Appellant City of Dallas presented one value witness, George Becker, Jr., who appeared as a City of Dallas employee who handled the acquisitions of Forney Reservoir for the City of Dallas. Becker placed the value of appellees’ land at $1,972.00.

Appellees’ value witness was George W. Riddell who has been a realtor and appraiser in Dallas County since 1932. He testified as to the many individuals and firms from whom he had appraised, including the City of Dallas, appellant herein. Mr. Rid-dell enumerated the real estate societies and organizations of which he was a member. He described the property and neighborhood and brought numerous exhibits to show the jury in picture form the area under discussion. He testified as to the appraisal techniques that he used in appraising subject property. He brought the jury sales of three pieces of property within the immediate neighborhood, plus the sale of subject property itself.

The sales used by appellees’ witness Rid-dell ranged in value, per acre, from approximately $1,000 in 1959, to $2,050 in 1961, to $4,800 in 1964, to $8,000 in 1965.

Based on these sales and other sales that he considered and investigated, and his complete appraisal of appellees’ property, Riddell placed a value of $4,000 per acre on the property as of October 22, 1965 or a total figure of $21,440.
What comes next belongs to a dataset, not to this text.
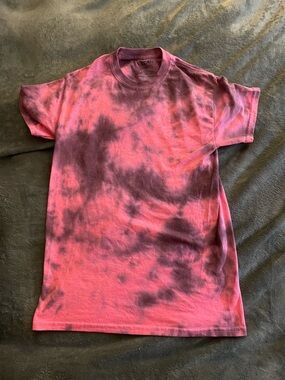 Tie-Dye Gildan T-Shirt – Pink & Dark Greyish Black Acid Wash – Unisex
The jury returned a verdict of $19,757 and judgment was entered thereon.

We affirm this judgment.

Appellant is before this Court on five points of error, the first being that of the trial court in making statements and commenting in the presence of the jury, as to the credibility, qualifications and testimony of the appellees’ only value witness, Riddell, while said witness was being cross-examined by the appellant, which were a comment upon the weight of the evidence as well as the witness’ credibility and displayed a bias and prejudice on the part of the court in favor of the appellees against the appellant.

We overrule this point.

The exchange in question was as follows:

“Q Mr. Riddell, yesterday I was asking' you, I believe, about your opinion as to the effect of the Forney Reservoir on the Zion Road area in Dallas County. Would you give the Jury the benefit of your opinion in that *42regard, as far as your opinion not affecting real estate values in that area?
MR. HALL: Your Honor, in complete fairness to the witness and the Jury, we ask the Court instruct him not to just give him an area, but to inquire of this witness of a sale in particular that he is talking about.
THE COURT: Yes, relegate it to a tract that he has done.
MR. HOLT: Do I understand the Court’s ruling to be that I cannot go into the effect and influences of the reservoir on the area of the location of the subject property?
THE COURT: Counsel, he has testified to certain sales, that he examined himself—
MR. HOLT: Yes, Your Honor.
THE COURT: And that is where he has so made himself an expert in this particular matter that he has appraised this country around there.
MR. HOLT: First of all, Your Honor, we except to the remarks of the Court as a comment on the weight of the evidence.
THE COURT: All right. Fine. Let’s move along now.
MR. HOLT: I have no ruling, Your Honor, on as to whether or not I am to be deprived of the right to question this witness as to the effect of the For-ney Reservoir on the area of real estate in the general location of the subject property.
THE COURT: This Court is not going to deprive anyone of anything. It is the ruling of this Court that you may ask him his opinion with relation to what he has testified to.
MR. HOLT: He has testified, Your Honor, to a general knowledge of real estate in this area.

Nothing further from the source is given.